Wednesday, November 01, 2006

Schizohedron Bullet Points! for 11/1/06

  • WFMU RECORD FAIR BECKONS: Much like last year, I am lending a hand at the WFMU Record and Tape Fair, which should be a beacon of crate-digging and impulse buying for all fans of obscure vinyl and music oddities. All proceeds from table rental, admission, and sales from the cheapo record and FMU swag tables directly and 100% benefit the freeform station of the nation, WFMU 91.1. Get on out there and support one of the last places on the dial where noncommercial radio is still practiced and the wonder of the medium still holds sway.
  • DICKED OUT OF A DOLLAR: Lovely for my bank to charge me a dollar for an unplanned use of a nonnetwork ATM, which by coincidence is more than I earned in interest on my checking account last month. I called the branch to try and get it revoked, but the assistant manager claimed that they were powerless to strike the charge barring mechanical failure of the nearest network ATM forcing me to another bank. I will move up the ladder and write them a note on their website, once my blood cools, to see if they will listen to calm reason. I can only imagine they spend considerably more than a buck a head to attract, sign up, and retain new depositors. Can't say I'll ever use any of their other financial services, though, regardless of whether my apostasy is forgiven. Yeah, maybe it's just a buck, but to them it's a rounding error and a fraction of the budget they allot for lobby candy for the tots . . . and why should I be a sheep and let them take it without a fight?
  • TREASURE THIS TREASURY: Now, you want a satisfying financial experience — and no less, from a Federal Government website? Hit up the TreasuryDirect portal. The Treasury has been selling bonds online for some time, but until recently I hadn't seen their redesigned site. It is an attractive, easily navigable, ultra-secure interface through which you can handle all of your Federal fixed-income transactions. It is now as simple to buy the regularly auctioned Treasury bonds, bills, and notes, and the more traditional savings bonds, as it is to buy goodies from Even more usefully, one can send paper bonds in for book-entry conversion, in my case saving me the effort of redeeming a bunch of savings bonds over the next few years . . . and also sparing me contact with the chiseling schmucks at my bank each time one comes due.
  • HOCKEY SHOCKER: For the first time since around 1983, and only the second time in my life, I am going to a hockey game! My friend Jen sent up a signal flare for interest in an upcoming New Jersey Devils game, and she got quite a response, including yours truly. With the collapse of the Jets franchise, the mighty Felix hasn't been buying his father's season tickets, one of which I would occasionally grab if available . . . so my attendance at fall and winter sporting events has dropped to nil. The only remaining decision is whether I will be stomped for wearing my San Jose Sharks CHAINSAW jersey to the rink. I could always bring along a chainsaw in case anyone gets saucy. . . .
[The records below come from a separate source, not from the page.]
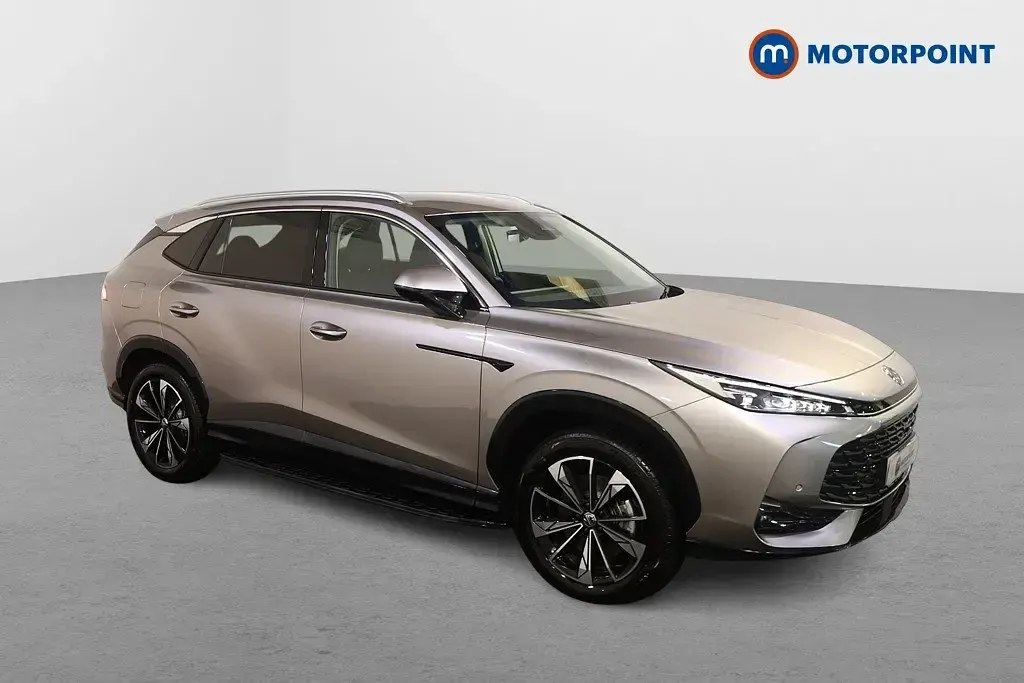 Usado MG HS Trophy 299 CV (219 kW) 2025 SUV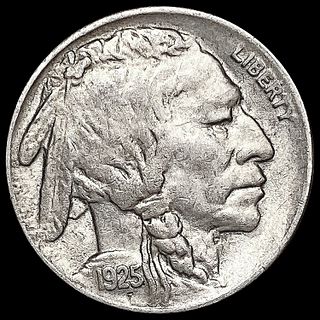 1925-S Buffalo Nickel UNCIRCULATED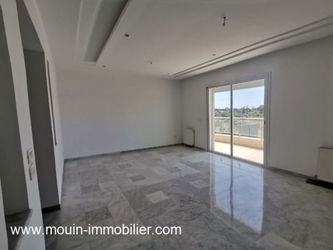 Annonce Vente APPARTEMENT ADAM 5 Hammamet Sud Tunisie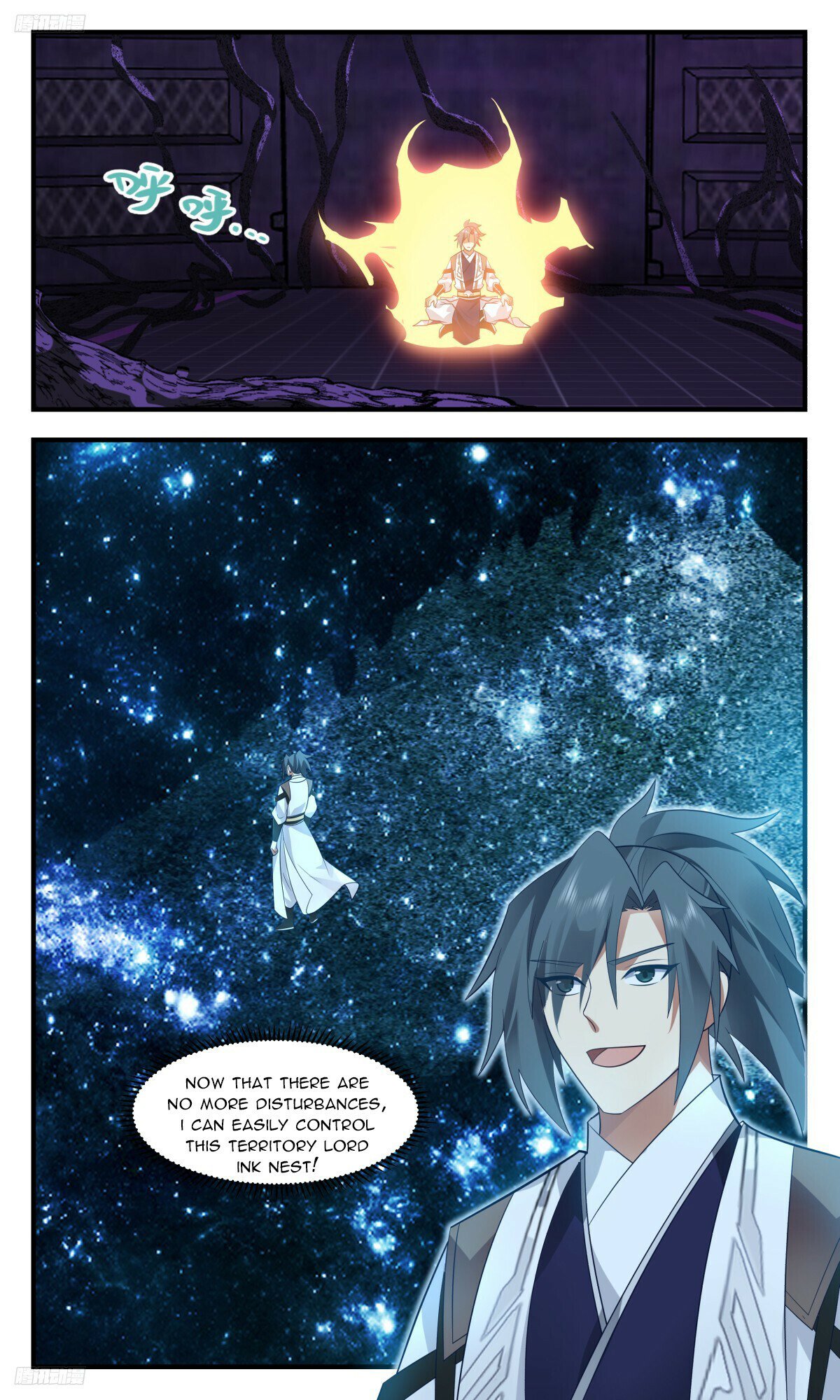 Martial Peak Chapter 3213 - 4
  • POKER OCTOBER SURPRISE: Just when my faith in my poker abilities was beginning to waver, in the midst of a choppy late summer track record at the usual game, I was proud to rack up an October of straight wins. Of particular notice was a sweet win at the Showboat — a trip report that deserves a post here — that indicated to me I can still swim in the casino poker pool. I made many good reads at the local game that saved me money and that I would not have made a year ago. I consider our game to be of above-average skill, so when I — by no means the best player at that table — am able to string Ws across the month, I feel like I have actually learned just a little more about this crazy game.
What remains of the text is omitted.